(Exercise details) What are the lines of the listing below, word for word, from the first down to the one that contains "Фото приготовление рецепта: Сливочная"?

(Record set)
++++++++++++++++++++
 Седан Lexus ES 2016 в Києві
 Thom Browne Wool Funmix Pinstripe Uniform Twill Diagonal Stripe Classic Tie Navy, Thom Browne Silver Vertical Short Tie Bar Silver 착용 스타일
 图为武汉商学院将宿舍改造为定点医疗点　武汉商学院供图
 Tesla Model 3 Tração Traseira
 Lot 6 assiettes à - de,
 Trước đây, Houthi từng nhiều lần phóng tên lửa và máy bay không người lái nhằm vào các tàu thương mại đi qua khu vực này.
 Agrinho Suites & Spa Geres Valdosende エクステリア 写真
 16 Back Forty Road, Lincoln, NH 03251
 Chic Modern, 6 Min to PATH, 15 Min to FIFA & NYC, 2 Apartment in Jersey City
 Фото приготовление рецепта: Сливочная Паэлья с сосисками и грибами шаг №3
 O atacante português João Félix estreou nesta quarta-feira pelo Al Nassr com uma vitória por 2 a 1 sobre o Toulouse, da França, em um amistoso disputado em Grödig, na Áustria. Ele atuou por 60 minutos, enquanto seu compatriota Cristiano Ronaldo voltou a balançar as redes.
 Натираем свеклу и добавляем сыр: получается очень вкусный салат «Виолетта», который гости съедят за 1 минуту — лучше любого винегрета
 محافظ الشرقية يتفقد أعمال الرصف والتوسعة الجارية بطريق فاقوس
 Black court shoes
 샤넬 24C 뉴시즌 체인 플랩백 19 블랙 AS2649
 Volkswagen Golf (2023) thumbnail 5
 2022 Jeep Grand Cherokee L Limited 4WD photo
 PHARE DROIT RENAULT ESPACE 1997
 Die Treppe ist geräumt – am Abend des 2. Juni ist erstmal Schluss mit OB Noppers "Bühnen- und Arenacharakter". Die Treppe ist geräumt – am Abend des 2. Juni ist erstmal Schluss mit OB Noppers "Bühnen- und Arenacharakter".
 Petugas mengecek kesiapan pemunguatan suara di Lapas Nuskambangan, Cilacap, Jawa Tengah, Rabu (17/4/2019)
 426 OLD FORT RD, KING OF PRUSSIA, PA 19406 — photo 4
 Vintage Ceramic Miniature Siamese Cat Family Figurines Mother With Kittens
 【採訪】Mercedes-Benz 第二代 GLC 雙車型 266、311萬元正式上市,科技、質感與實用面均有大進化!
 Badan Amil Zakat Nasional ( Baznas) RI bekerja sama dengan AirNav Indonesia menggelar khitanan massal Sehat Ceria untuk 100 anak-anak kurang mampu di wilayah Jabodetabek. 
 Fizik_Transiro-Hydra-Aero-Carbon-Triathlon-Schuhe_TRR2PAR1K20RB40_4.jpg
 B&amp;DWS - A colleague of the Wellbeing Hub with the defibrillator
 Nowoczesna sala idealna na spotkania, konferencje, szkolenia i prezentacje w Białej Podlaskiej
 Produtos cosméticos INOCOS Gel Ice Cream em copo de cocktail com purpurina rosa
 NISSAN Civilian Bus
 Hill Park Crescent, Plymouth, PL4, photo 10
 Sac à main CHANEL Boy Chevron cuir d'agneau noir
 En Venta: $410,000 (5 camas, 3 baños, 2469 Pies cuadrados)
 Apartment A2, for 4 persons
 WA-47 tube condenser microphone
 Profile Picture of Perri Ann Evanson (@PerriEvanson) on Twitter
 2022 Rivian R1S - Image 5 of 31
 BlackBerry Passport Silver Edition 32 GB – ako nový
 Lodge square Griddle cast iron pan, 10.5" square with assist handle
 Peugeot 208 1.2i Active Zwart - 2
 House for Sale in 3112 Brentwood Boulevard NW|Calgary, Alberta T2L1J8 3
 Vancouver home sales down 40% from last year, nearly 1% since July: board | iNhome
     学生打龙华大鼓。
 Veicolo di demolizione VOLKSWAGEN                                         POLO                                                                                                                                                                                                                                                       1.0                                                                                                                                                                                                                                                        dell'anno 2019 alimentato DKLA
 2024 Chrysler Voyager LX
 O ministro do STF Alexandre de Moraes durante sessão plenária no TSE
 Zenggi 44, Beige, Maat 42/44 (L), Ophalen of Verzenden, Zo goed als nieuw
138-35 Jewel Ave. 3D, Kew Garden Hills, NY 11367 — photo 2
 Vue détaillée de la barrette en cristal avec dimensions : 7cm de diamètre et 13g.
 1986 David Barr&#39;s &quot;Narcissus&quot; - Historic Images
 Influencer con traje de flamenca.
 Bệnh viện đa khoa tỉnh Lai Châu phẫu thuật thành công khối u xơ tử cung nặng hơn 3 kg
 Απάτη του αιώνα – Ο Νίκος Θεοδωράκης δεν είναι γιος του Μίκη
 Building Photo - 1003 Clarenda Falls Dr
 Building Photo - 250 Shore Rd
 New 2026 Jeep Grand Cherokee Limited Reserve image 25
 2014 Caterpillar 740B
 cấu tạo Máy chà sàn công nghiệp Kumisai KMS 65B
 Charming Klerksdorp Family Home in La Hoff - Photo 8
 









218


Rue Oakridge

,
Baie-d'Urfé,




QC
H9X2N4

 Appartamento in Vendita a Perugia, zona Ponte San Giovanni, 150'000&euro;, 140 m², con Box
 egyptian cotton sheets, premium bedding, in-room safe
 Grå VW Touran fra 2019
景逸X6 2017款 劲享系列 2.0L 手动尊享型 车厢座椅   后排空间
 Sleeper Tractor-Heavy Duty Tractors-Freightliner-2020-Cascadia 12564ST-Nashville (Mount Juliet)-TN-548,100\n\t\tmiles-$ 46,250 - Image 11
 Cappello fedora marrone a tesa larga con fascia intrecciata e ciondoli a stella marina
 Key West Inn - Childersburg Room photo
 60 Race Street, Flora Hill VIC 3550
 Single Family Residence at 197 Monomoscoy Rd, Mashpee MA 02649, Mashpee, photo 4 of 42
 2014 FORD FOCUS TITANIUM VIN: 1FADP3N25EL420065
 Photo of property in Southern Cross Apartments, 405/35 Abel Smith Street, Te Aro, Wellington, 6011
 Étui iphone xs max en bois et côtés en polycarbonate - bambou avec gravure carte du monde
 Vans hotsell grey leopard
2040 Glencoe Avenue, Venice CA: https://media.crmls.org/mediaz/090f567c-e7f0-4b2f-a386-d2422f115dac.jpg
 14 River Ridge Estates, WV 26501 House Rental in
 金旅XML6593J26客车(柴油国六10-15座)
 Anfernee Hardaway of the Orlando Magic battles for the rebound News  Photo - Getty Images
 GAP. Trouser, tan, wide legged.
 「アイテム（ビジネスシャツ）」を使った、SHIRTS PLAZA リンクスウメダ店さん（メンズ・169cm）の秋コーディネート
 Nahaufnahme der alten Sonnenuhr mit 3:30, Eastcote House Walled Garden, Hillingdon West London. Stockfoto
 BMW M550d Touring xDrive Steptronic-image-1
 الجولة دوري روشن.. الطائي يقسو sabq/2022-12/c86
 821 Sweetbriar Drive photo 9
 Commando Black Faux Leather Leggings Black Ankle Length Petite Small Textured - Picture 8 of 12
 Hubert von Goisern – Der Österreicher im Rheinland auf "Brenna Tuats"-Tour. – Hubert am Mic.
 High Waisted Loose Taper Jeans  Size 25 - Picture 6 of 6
++++++++++++++++++++
(Answer to this exercise)
 Седан Lexus ES 2016 в Києві
 Thom Browne Wool Funmix Pinstripe Uniform Twill Diagonal Stripe Classic Tie Navy, Thom Browne Silver Vertical Short Tie Bar Silver 착용 스타일
 图为武汉商学院将宿舍改造为定点医疗点　武汉商学院供图
 Tesla Model 3 Tração Traseira
 Lot 6 assiettes à - de,
 Trước đây, Houthi từng nhiều lần phóng tên lửa và máy bay không người lái nhằm vào các tàu thương mại đi qua khu vực này.
 Agrinho Suites & Spa Geres Valdosende エクステリア 写真
 16 Back Forty Road, Lincoln, NH 03251
 Chic Modern, 6 Min to PATH, 15 Min to FIFA & NYC, 2 Apartment in Jersey City
 Фото приготовление рецепта: Сливочная Паэлья с сосисками и грибами шаг №3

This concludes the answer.